Thursday, June 23, 2011

"Guys and Dolls" at the Ordway

I've seen several musical theater classics this month that I've never seen before, on stage or screen.  Leonard Bernstein's On the Town, Stephen Sondheim's A Funny Thing Happened on the Way to the Forum, and now Frank Loesser's Guys and Dolls.  I've loved them all (great music, great choreography, great performances), but I think this one is my favorite so far.  An all-around spectacular production.

Guys and Dolls is a joint production of the Ordway Center in St. Paul and 5th Avenue Theatre in Seattle.  The cast is mostly from Seattle (along with a few Broadway vets), although the director is local - Peter Rothstein of Theater Latte Da.  This is a big old-fashioned musical: huge cast, lush-sounding 20-piece orchestra, fantastic dance numbers, to die for costumes, and a beautifully smart set.  I loved every minute of it.

Guys and Dolls tells the story of several gangsters and the women who love them in 1950s New York City.  It's one of those shows where even if you've never seen it, you know many of the songs because they've become a part of popular culture ("A Bushel and a Peck," "If I Were a Bell," "Luck Be a Lady"), from the good old days when there was much crossover between musical theater and popular music.  A trio of friendly and charming gangsters in bright beautiful suits begin the show: Nicely-Nicely (Todd Buonopane, aka 30 Rock's Jeffrey Weinerslav), Benny (Greg McCormick Allen, reminiscent of Steve Buscemi's Nucky Thompson), and Rusty (Allen Galli).  They're looking for the traveling craps game hosted by Nathan Detroit (Daniel C. Levine), who's struggling to find a location for the game.  To make the money he needs to secure a place, Nathan bets big time gambler Sky Masterson (Matt Farnsworth) that he can't get the stern Sergeant Sarah Brown from the "Save A Soul" mission (Katherine Strohmaier) to go to Havana with him.  Sky bribes her into going (in a fun and fabulous Cuban dance scene that makes me want to take salsa lessons), and surprise surprise, they fall charmingly in love!  This guy will never be the same now that he has met his doll.

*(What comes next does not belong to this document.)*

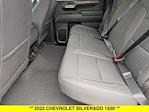 2022 Chevrolet Silverado 1500 Crew Cab 4WD Pickup for sale #P13869 - photo 19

Meanwhile, Nathan's fiance of 14 years is getting impatient waiting for a wedding ("a person could develop a cold"), and unhappy with her guy's gambling ways.  Billie Wildrick is just perfect in the role of Miss Adelaide, not to mention her fabulous wardrobe and shoes!  Despite his fiance's disapproval and the fact that he lost the bet, Nathan manages to hold the game in one location and another.  Sky bets everyone there that if he wins, they'll accompany him to Sarah's mission.  He wins, the "sinners" show up at the meeting, and Sarah is able to continue her work.  The gamblers confess their sins, leading to a highlight of the show when Nicely-Nicely leads the company in the rousing "Sit Down You're Rockin' the Boat."  In the end, everyone ends up with whom they're supposed to, and life goes on for these guys and their dolls.

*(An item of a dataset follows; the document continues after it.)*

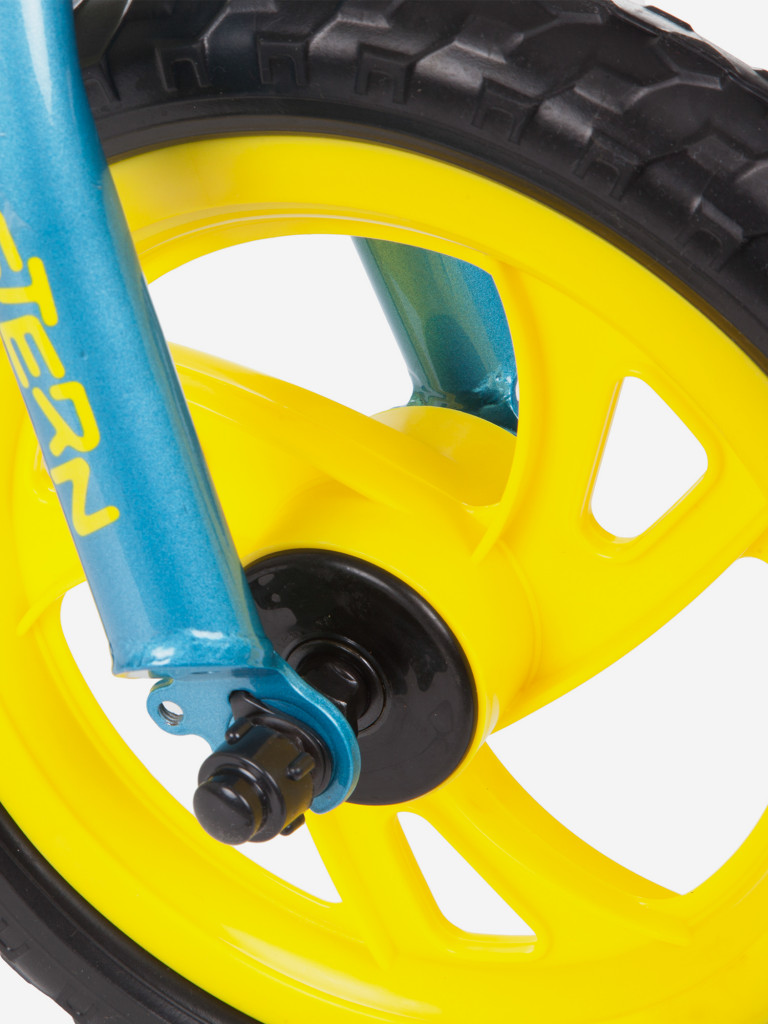 Беговел Stern Kidster Alt 12"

As usual on Wednesday nights at the Ordway, there was a post-show discussion.  Much of the large ensemble came out to answer questions.  As always, it's interesting to hear what goes on behind the scenes.  What struck me the most was something that Billie (Adelaide) said in response to one audience member suggesting that the show should keep touring instead of ending this Sunday.  She said that there's something beautiful about the ephemeral nature of theater.  Unlike movie or TV where you can buy the DVDs and repeatedly watch them to your heart's content, theater only exists in the moment.  Every show, every night, is a one-of-a-kind experience that lives on only in your memory.  I completely agree with that sentiment.  That's a big part of why I started this blog, as a way to capture those moments in some small way so that I can go back to them and recall the experience.